I believe that my reference to "super refined terra sig" is appropriate in the context of other contemporary studio terra sig processes, but it recently came to my attention that the glassy surfaces on classic ancient Greek red-figure and black-figure wares were achieved with little or no polishing, and thus the terra sig must have been refined to a far greater degree. Recently I was contacted by a man conducting experiments to create such a sig. His process started out like mine, but after concentrating the liquid back to a specific gravity of 1.20, he repeated the whole process again, and again, and again, I believe about ten times. This process is ripe for experimentation. On the second and subsequent siphonings, you wouldn't encounter any distinct layer of identifiable sediments, and would have to simply sacrifice some arbitrary amount at the bottom of the settled mixture each time - again, an area for experimentation. The beauty of this process is that on the way to re-concentrating the suspension to a specific gravity of 1.20 after each siphoning, you could pause at 1.15 and try out a bit of sig on a piece to check the degree of spontaneous gloss."

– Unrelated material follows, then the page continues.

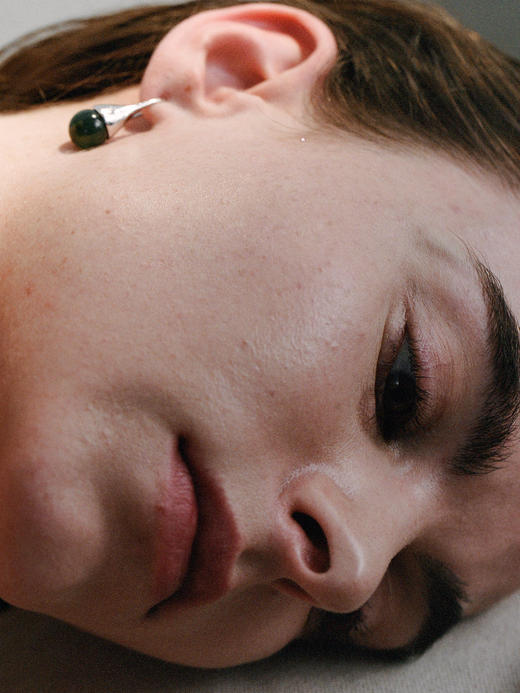 ABOAB｜DRIP Hoops [ 耳环  银绿水草玛瑙 / 银灰玛瑙 ]【PASTORALE】 商品图3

Rest of the article is here: http://iweb.tntech.e...l/terra_sig.htm
(bottom of the article is the Greek subject)
Posted 12 July 2014 - 12:56 PM
Thanks for the lead, Min! I'll give it a read with tonight's firing
Edit: Re-reading, Angie posted this before, I've read it already, but thank you for thinking of me, Min.
Posted 12 July 2014 - 03:17 PM
Just wondering if that many refinements with such small particle size could also concentrate either natural salts or alkali in the slip water, forming elementary glaze?
Very interesting line of development, like a good mystery novel.